5. The method according to any one of claims 1-3, characterized in that, The method further includes: If the target score is less than or equal to the first preset score, the vehicle is controlled to perform a first operation, which is to instruct the user to learn traffic safety rules. If the target score is greater than the second preset score, the first points are sent to the user's corresponding account. The first points are used to redeem a preset object.
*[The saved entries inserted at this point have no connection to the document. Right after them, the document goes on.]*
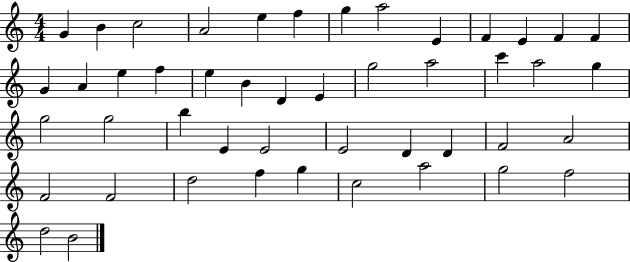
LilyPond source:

{
  \clef treble
  \numericTimeSignature
  \time 4/4
  \key c \major
  g'4 b'4 c''2 | a'2 e''4 f''4 | g''4 a''2 e'4 | f'4 e'4 f'4 f'4 | \break g'4 a'4 e''4 f''4 | e''4 b'4 d'4 e'4 | g''2 a''2 | c'''4 a''2 g''4 | \break g''2 g''2 | b''4 e'4 e'2 | e'2 d'4 d'4 | f'2 a'2 | \break f'2 f'2 | d''2 f''4 g''4 | c''2 a''2 | g''2 f''2 | \break d''2 b'2 | \bar "|."
}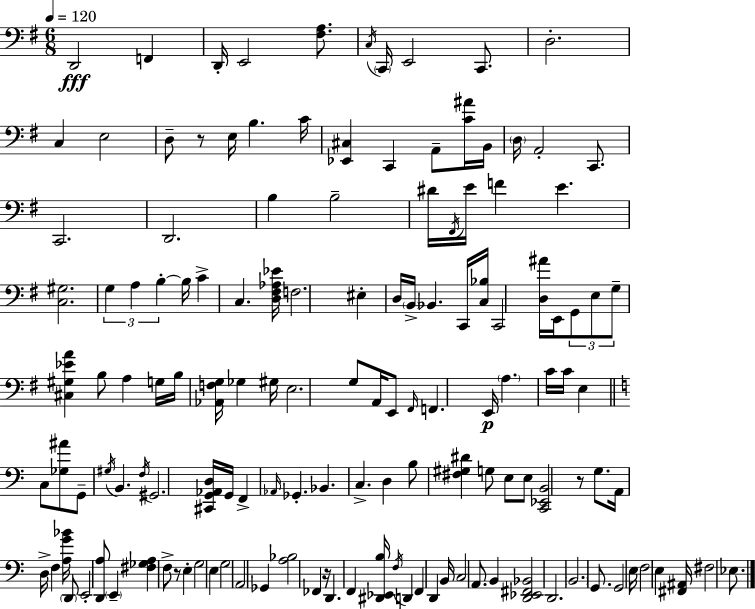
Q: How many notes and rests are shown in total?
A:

The second preset score is greater than the first preset score.
6. The method according to any one of claims 1-3, characterized in that, The step of responding to a user's driving operation in the first driving scenario and acquiring the first driving behavior data corresponding to the driving operation includes: In response to the user's selection of multiple preset scene types in the vehicle's interactive interface, the first driving scene is determined; Load the traffic condition data and driving area map data corresponding to the first driving scenario into the vehicle's simulation game platform; Obtain the first driving behavior data corresponding to the driving operation performed by the user in the simulation game platform.
7. The method according to any one of claims 1-3, characterized in that, The first driving scenario is a real driving scenario; Accordingly, obtaining the first driving behavior data corresponding to the driving operation includes: When AEB is detected to be triggered in the vehicle, first driving behavior data corresponding to the driving operation is acquired.
8. A training device for an intelligent driving model, characterized in that, The device includes: The acquisition module is used to acquire first driving behavior data of the driving operation in response to the user's driving operation in the first driving scenario; The determination module is used to determine the target score corresponding to the first driving behavior data according to the score reward and punishment strategy, wherein the score reward and punishment strategy is determined based on traffic rule constraints and / or preset path time. The training module is used to update the intelligent driving model deployed in the vehicle based on the first driving behavior data if the target score is greater than the first preset score.
9. An electronic device, characterized in that, include: The processor, memory, communication interface, and communication bus are provided, wherein the processor, memory, and communication interface communicate with each other via the communication bus. The memory is used to store at least one executable instruction that causes the processor to perform the operation of the training method for the intelligent driving model as described in any one of claims 1-7.
10. A computer-readable storage medium, characterized in that, The storage medium stores at least one executable instruction; When the executable instructions are executed on the training device / electronic device of the intelligent driving model, the training device / electronic device of the intelligent driving model performs the operation of the training method of the intelligent driving model as described in any one of claims 1-7.